Are You An Emotional Spender? Get Back Control Of Your Money
Life ebbs and flows. It definitely wasn’t a straight line to midlife, although it sure would have been nice. It got messy with events you couldn’t have imagined in your 20s. Most, if not all, women carry money stories from childhood, or life events, that created an unhealthy relationship with their finances.
When your finances are headed for troubles
Your money is more than budgets, spreadsheets and the latest investment strategy, though. It’s about the lifestyle you crave for midlife and beyond. You and your money go together like a hand in a glove and an unhealthy money mindset can lead you to make bad financial decisions. That’s why we’re going to look at 10 signs that indicate you may have an unhealthy relationship with your money and how to start the healing process.
Expenses that are out of control
Many of us have bought a magazine or chocolate bar on impulse at the checkout from time to time. Out of control expenses, though, are different. These are the continual bright, shiny objects that keep us distracted from following a spending plan over the long term.
Chronic underearners are those with high-level education and skills who intentionally keep themselves in positions they are grossly overqualified for, thereby earning much less than their skills would demand.
Deprivation is when basic needs are not met for sustained periods of time. It creates a wound, which if not healed when we are adults, reveals itself as a state of living in constant emptiness. Some people use shopping in an attempt to fill the void, come home with the packages and are still not feeling fulfilled.
All of us have had to “make do” from time to time. Continually making do is different than being frugal, though. For example, even though my grandparents had to “make do” during World War II because of numerous shortages, they carried on making do decades later when money was plentiful and shortages no longer existed.
Never having enough
The opposite of making do is the feeling of never having enough. Not to be confused with overspending, this is where we may feel that regardless of what we have in the bank or investments, it’s still not enough to help us feel secure.
Inability to save
You’ve probably heard the expression: “money that burns a hole in one’s pocket.” Regardless of how much money comes in, this is where the individual simply HAS to spend it.

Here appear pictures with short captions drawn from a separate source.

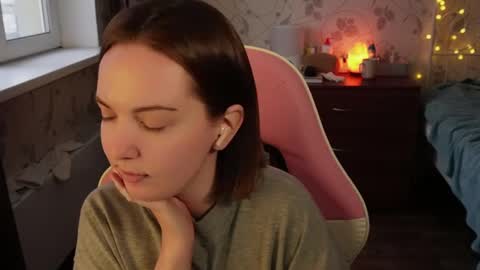 Snapshot of star_shopping chatting on 01-18-25, 09:56 Alice online show from 01-18-25, 09:56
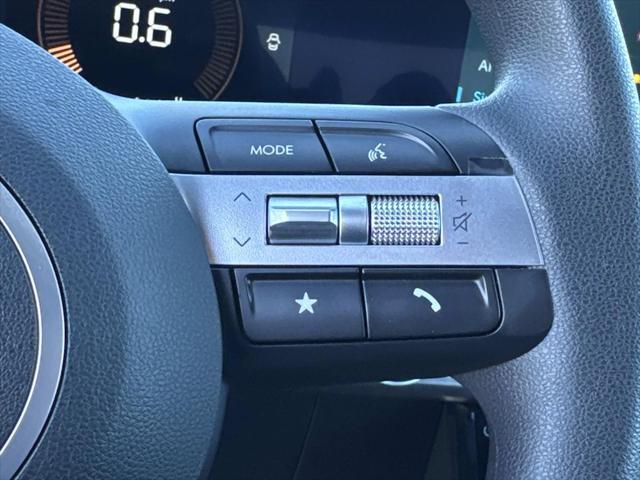 2025 Hyundai Santa Cruz SE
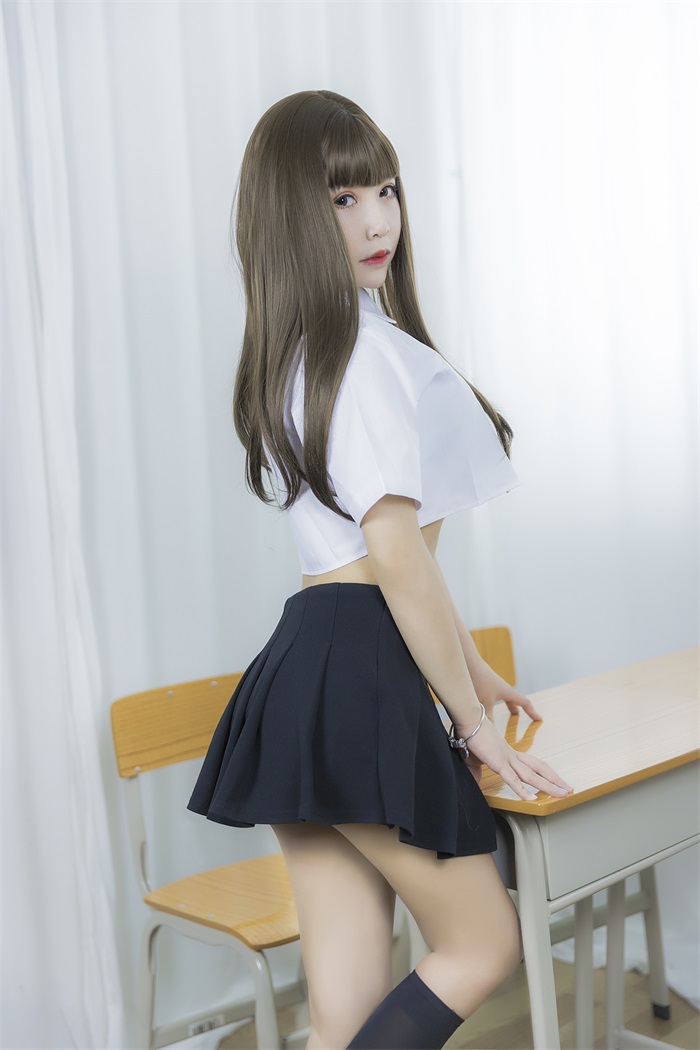 微博红人Coser@抱走莫子aa – 等你下课 [42P/435MB]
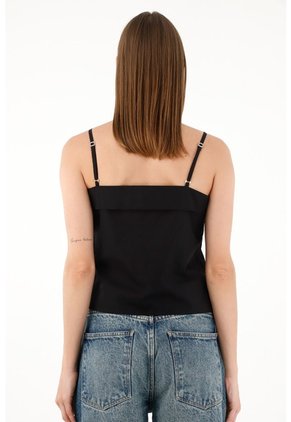 Tennis Camisa Negra De Escote Recto Para Mujer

Denying there is a problem
It’s hard to admit we may have an unhealthy relationship with our money because there can feel like a lot of shame with that. That is not the same thing as someone who is in denial about their money issues.
Covering up behaviours
An example of this is hiding excessive spending from a spouse or partner. A survey conducted by Money Magazine found that 22% of married people admitted to spending money they didn’t want their spouses to know about. The types of purchases they were most likely to conceal differed for men and women. Husbands were more likely to hide spending on electronics or hobbies, while wives typically concealed purchases of clothing, shoes, and gifts for friends and family.

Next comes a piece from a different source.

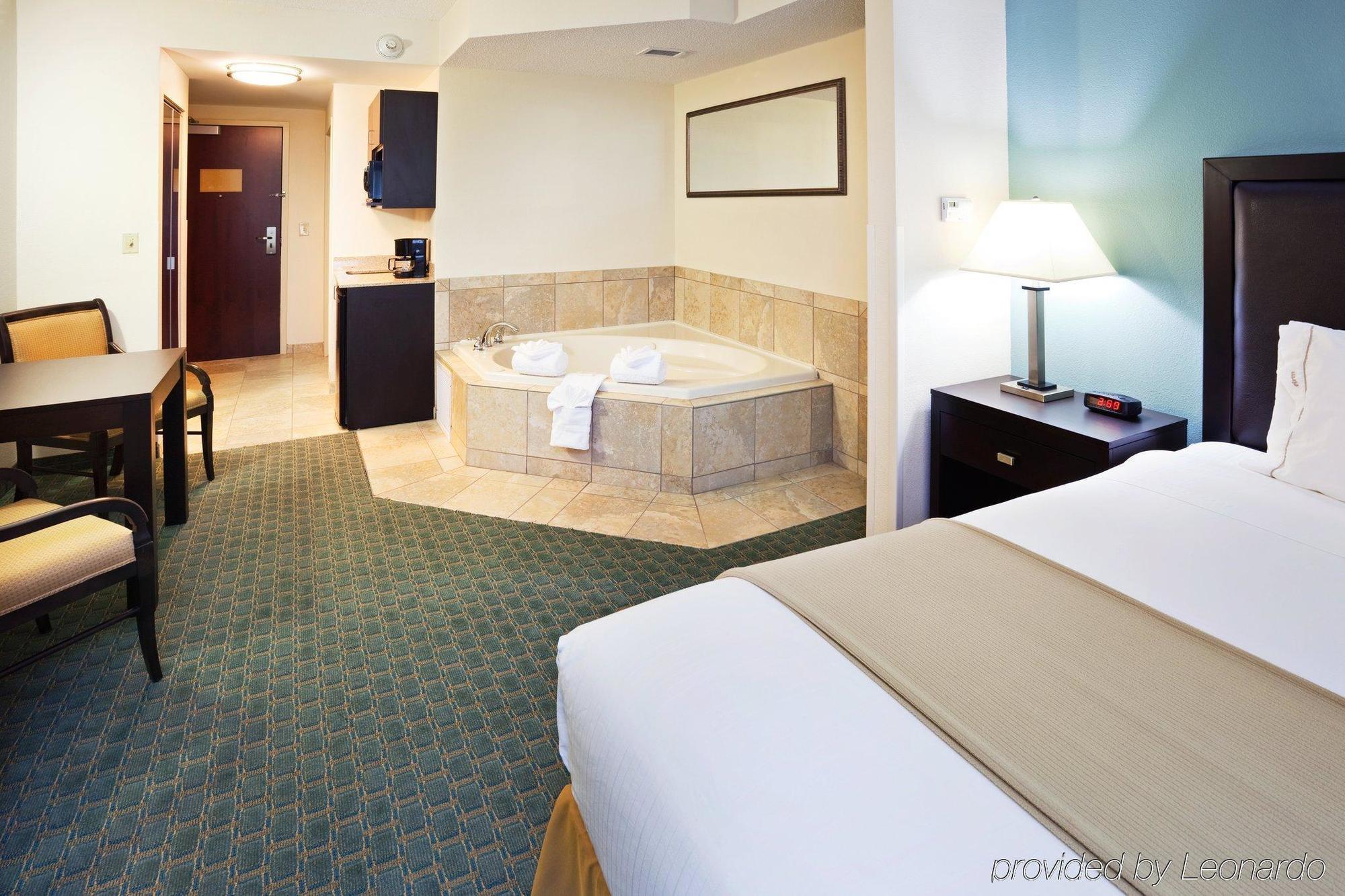 Holiday Inn Express & Suites Lebanon-Nashville Area By Ihg Phòng bức ảnh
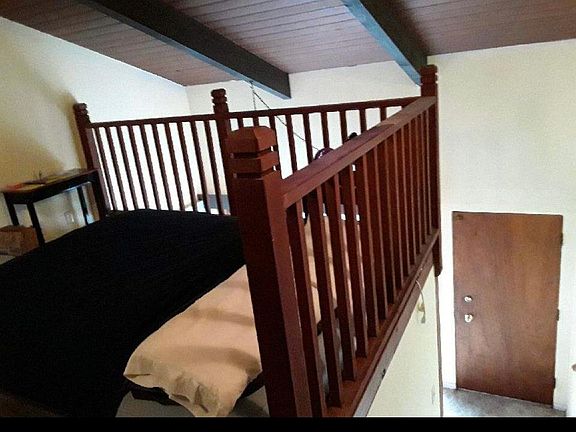5th image of 3246 NE 85th St APT 3-1B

Compulsive Credit Card Use
The reality of life is that we need a good credit score for things like renting an apartment or taking out a loan to buy a house. Credit cards, when used with discipline, can help us achieve a good credit score. Overuse of credit cards, though, comes partly from when someone is living a lifestyle that costs more than their income provides for.
Living in a Financial Fog
We’ve all seen the picture of the ostrich with its head in the sand. This is what it’s like living in a financial fog. FOG — fear, obligation, guilt — attacks sparkling minds and blocks healthy views on money. Money FOG slows the progress you need to grow, keep and distribute wealth.
Healing Your Relationship with Money
In order to get comfortable with tracking your income, expenses and cash flow it’s important to work one baby step at a time because you’re learning to understand and untangle the emotions that are driving your deep-seated money patterns. There are four stages to the process of healing your relationship with money.
- Understanding: What are the childhood messages that shape your beliefs about money? What are the life events that may have caused financial trauma?
- Forgiveness: We’ve all made financial mistakes. Forgive yourself and others from the past with the closure you need to move forward.
- Clarity: Similar to healthy, lifestyle changes that start with nutrition tracking, gaining clarity on your money starts with tracking everything you earn and everything you spend. Cashflow is key.
- Simplicity: The word “budget” makes me cringe, too, so let’s create a simple spending plan instead. This will help you to see this process in a different light in order to create the stabilization your situation needs. Finally, we’re able to get relief from the anxiety of financial stress.
Remember, nobody does it right all the time. You can develop the skills you need to heal your relationship with money and are absolutely worthy to live the life you crave.